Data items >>
*** Begin section ***

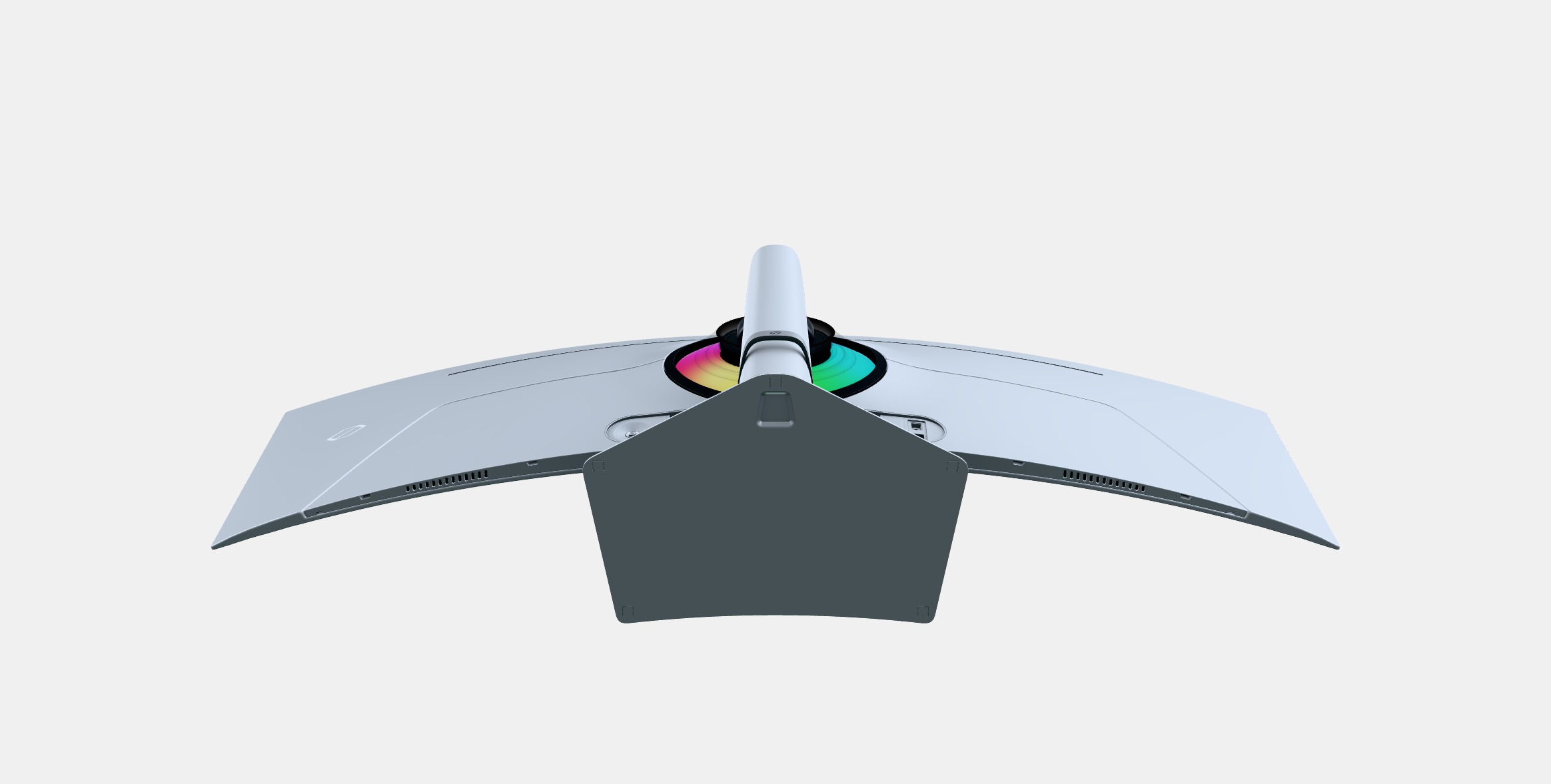 Odyssey Gaming Monitor OLED G9 49 3D model_4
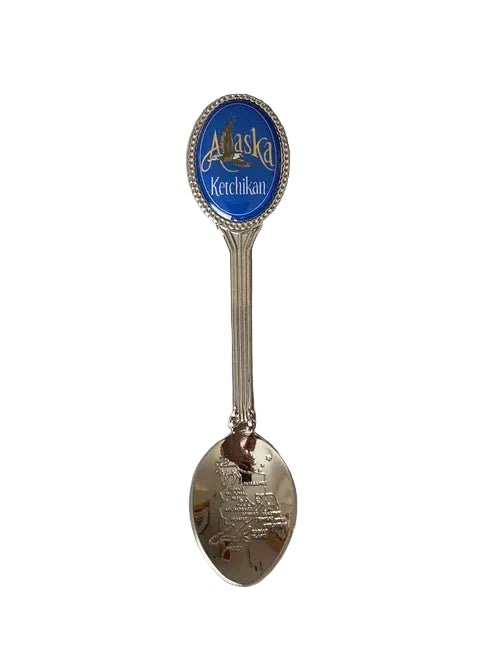 Spoon with Alaska Ketchikan emblem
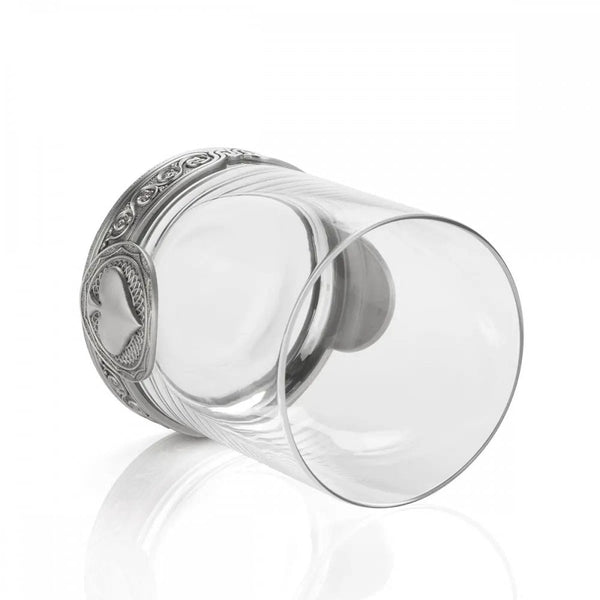 Royal Selangor Spades Whisky Tumbler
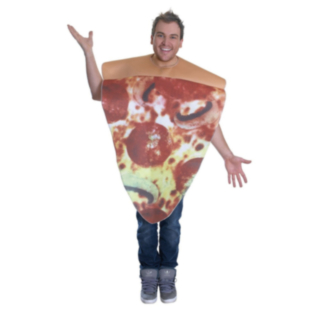 Pepperoni Pizza Maskeraddräkt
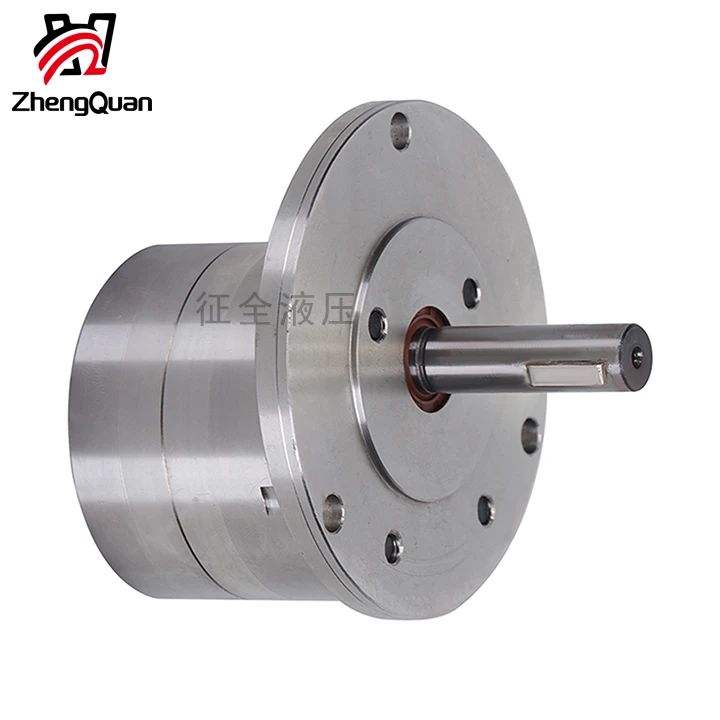 Шестеренчатый гидравлический насос Zhengquan KC-JS из нержавеющей стали, масляный насос высокого давления, устойчивый к коррозии, Диспенсер, масляный механический насос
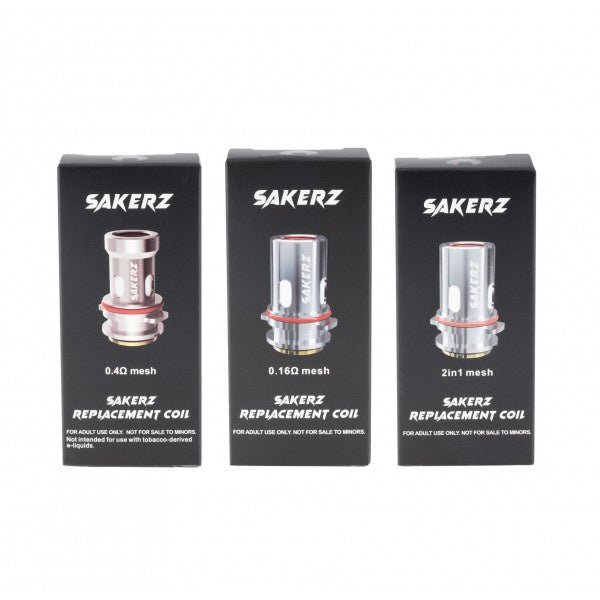 Sakerz Coils 3pk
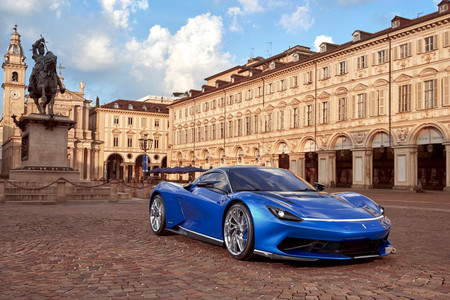 El Pininfarina Battista va tomando forma en el túnel de viento: así es el hiperdeportivo eléctrico de los 1.900 CV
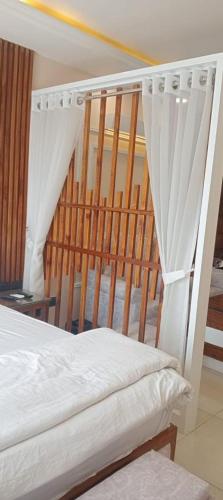 Myst Luxury staysにあるベッド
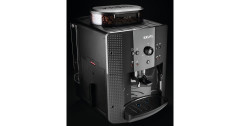 Krups Krups Kaffeevollautomat EA 8108 schwarz  schwarz Полностью автоматическая кофемашина Krups EA 8108 черная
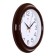 Watch wall, interior "ruby", d-21 cm, brown case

*** End section ***

TASK PROMPT >> Images stay out; the entries above are to be printed exactly.

YOUR RESPONSE >>
 Odyssey Gaming Monitor OLED G9 49 3D model_4
 Spoon with Alaska Ketchikan emblem
 Royal Selangor Spades Whisky Tumbler
 Pepperoni Pizza Maskeraddräkt
 Шестеренчатый гидравлический насос Zhengquan KC-JS из нержавеющей стали, масляный насос высокого давления, устойчивый к коррозии, Диспенсер, масляный механический насос
 Sakerz Coils 3pk
 El Pininfarina Battista va tomando forma en el túnel de viento: así es el hiperdeportivo eléctrico de los 1.900 CV
 Myst Luxury staysにあるベッド
 Krups Krups Kaffeevollautomat EA 8108 schwarz  schwarz Полностью автоматическая кофемашина Krups EA 8108 черная
 Watch wall, interior "ruby", d-21 cm, brown case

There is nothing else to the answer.